(Supplied entries)
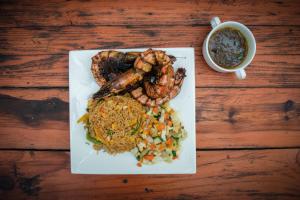 un plato de comida con camarones y arroz y una taza de café en Hotel Sunshine Enugu, en Enugu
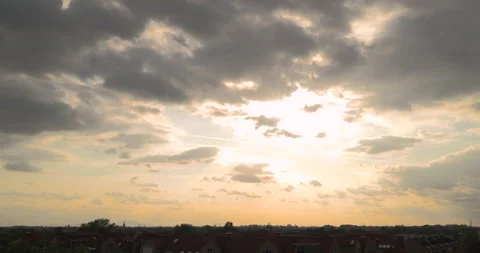 Sunlight breaking through clouds before sunset above the city Stock Footage 252675301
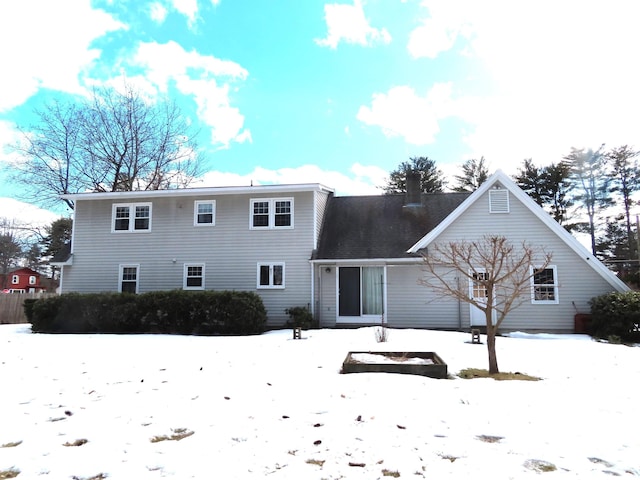 view of snow covered back of property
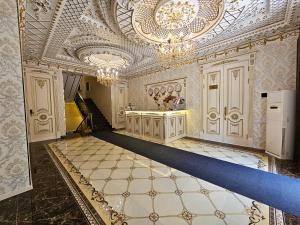 a large room with a ceiling and a staircase at Hotel Sharq in Dushanbe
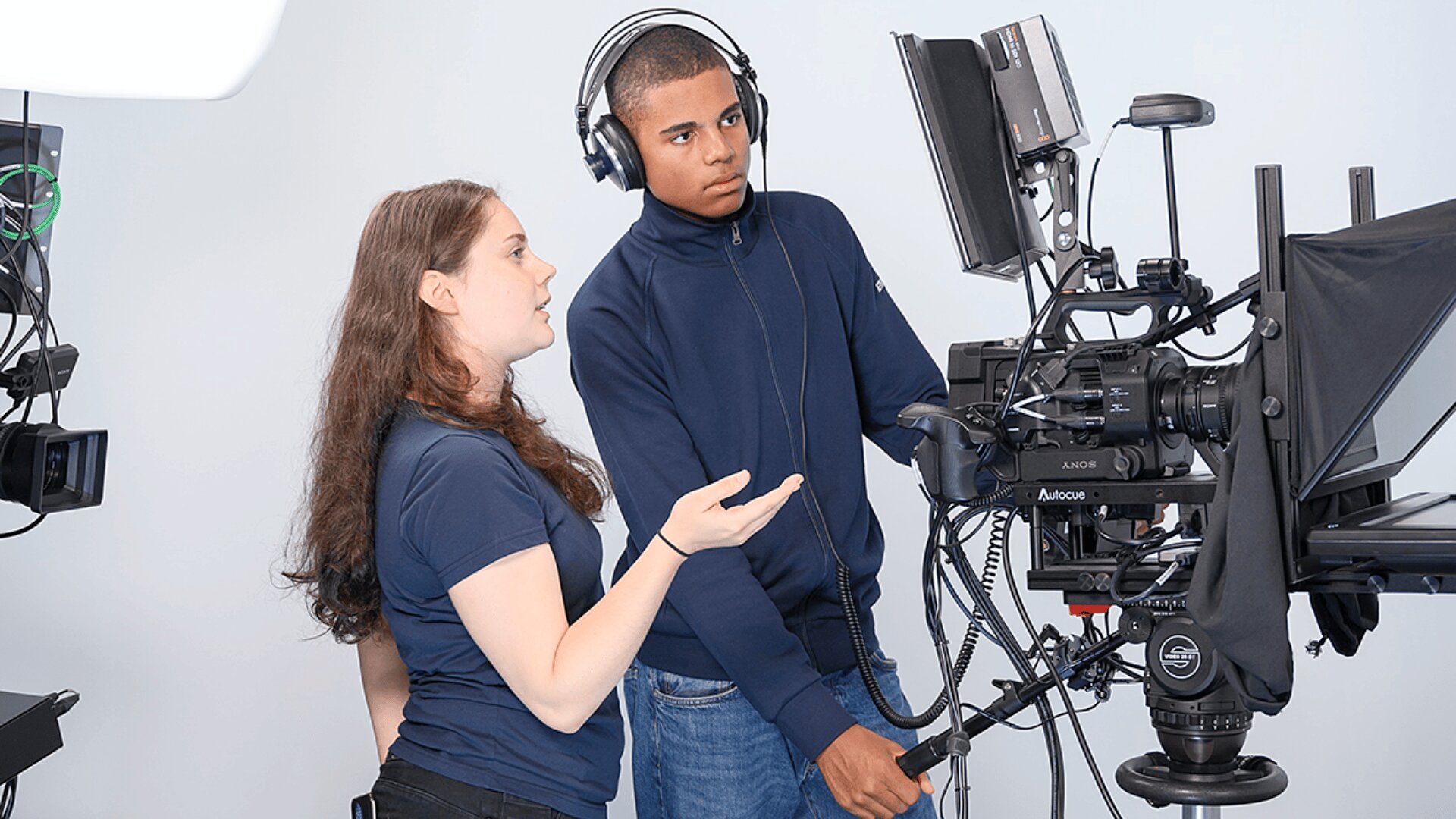 Zwei junge Leute bedienen eine professionelle Filmausrüstung; der eine trägt Kopfhörer und stellt die Kamera ein, während der andere mit ihm in einer Studioumgebung gestikuliert und etwas bespricht.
(End Supplied entries)
The problem — Give back exactly the lines from the one with "a large room" through the end of the records above, inclusive, and omit any pictures.

Answer box —
 a large room with a ceiling and a staircase at Hotel Sharq in Dushanbe
 Zwei junge Leute bedienen eine professionelle Filmausrüstung; der eine trägt Kopfhörer und stellt die Kamera ein, während der andere mit ihm in einer Studioumgebung gestikuliert und etwas bespricht.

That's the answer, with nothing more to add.